To me, there is no contest: I first heard Horne in this repertoire and she remains indelibly etched in my memory. Everyone pales in comparison even if I’m not entirely captivated by her sound, It is the way she sings that keeps me interested. The strength of the voice as well as the rather sculpted phrasing and the sometimes masculine-sounding descent into the chest. Even the way she moved awkwardly on stage added to the image of the butch hero(ine). All she lacked was a statuesque figure, which was compensated by the impossibly high platform boots and very tall feathers on the helmet! 

Daniels didn’t stand a chance.


----------



## RICK RIEKERT (Oct 9, 2017)

Both were terrific singers who provide distinctive and very entertaining versions. Rossini encouraged virtuosic displays that challenged a singer’s own inventiveness. I don’t know if the embellishments sung by David Daniels are Rossini’s own which he wrote for a certain Mme. Gregoire or Manuel Garcia’s or perhaps neither or both with some of his own invention tossed in, but they’re suitably pyrotechnical and great fun to hear. Marilyn Horne rightly “had a permanent lease on this vocal property” for decades and _Tancredi_ certainly owes her a debt of gratitude for its revival.


----------



## nina foresti (Mar 11, 2014)

I wil have to pass on this one. It isn't fair of me to vote because I am not a fan of counter tenors. And I do love Marilyn Horne's voice.


----------



## ColdGenius (9 mo ago)

Ms. Horne doesn't look like a boy, but who cares? When she sings like that she may do it in whatever gorilla's suit.


----------



## Op.123 (Mar 25, 2013)

I don't like Horne at all, but I like countertenors even less.


----------



## Tsaraslondon (Nov 7, 2013)

This is a real dilemma and I'm finding it very hard to make a choice.
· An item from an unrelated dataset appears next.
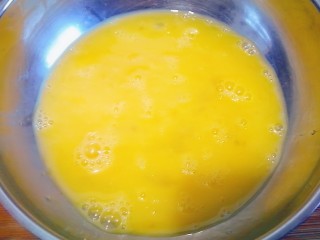 鸡蛋胡萝卜丝,加入少量盐搅拌均匀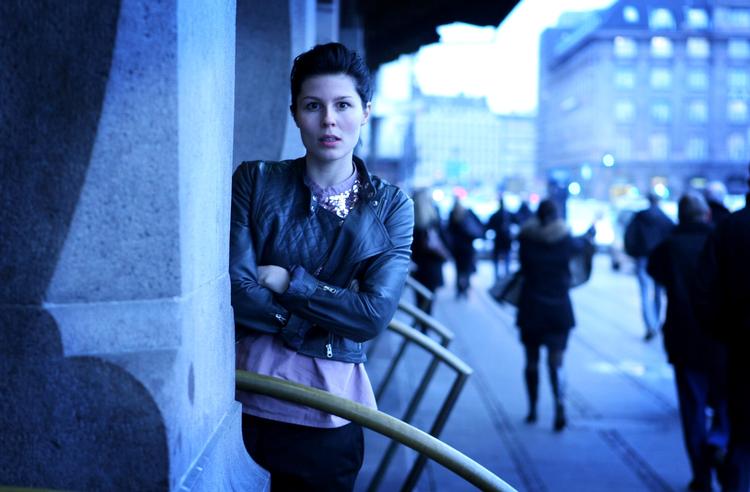 Fra 30. april næste år venter der  Cecilie Stenspil én af karrierens hidtil største udfordringer, når hun spiller megarollen som Eliza Doolittle i Det Kgl. Teaters nyopsætning af  musicalen ’My Fair Lady’ på Gl. Scene. Overfor sig har hun bl.a. kollegerne Søren Pilmark, Zlatko Buric og Malene Schwartz.  Foto:  Jesper Stormly Hansen.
David Daniels is one of my favourite singers. I don't have quite the same antipathy to countertenors that some here have, though I did once. Hearing Daniels live in concert changed all that. Regardless of what register he is singing in, I find his a surpassingly beautiful voice, which is furthermore allied to an artist of superb musicality, who has a wonderful gift of communication. He also just happens to have an amazing coloratura technique, his runs as fluid as water running down a mountain stream. You'll never hear Mr Daniels aspirate his runs. 

On the other hand, this aria was written for a female singer, so one could say Horne's is the mroe correct version. Horne is not always a favourite of mine, but in the right repertoire, as this is, she can be spectacular. You can't really fault her her at all and this is also absolutely splendid singing.

So there's my dilemma. I think they're both wonderful in completely different ways. However a choice has to be made and I'm going for Daniels, simply because love trumps admiration, and also because I think most people will vote for Horne. 

And, look, I was right.


----------



## Woodduck (Mar 17, 2014)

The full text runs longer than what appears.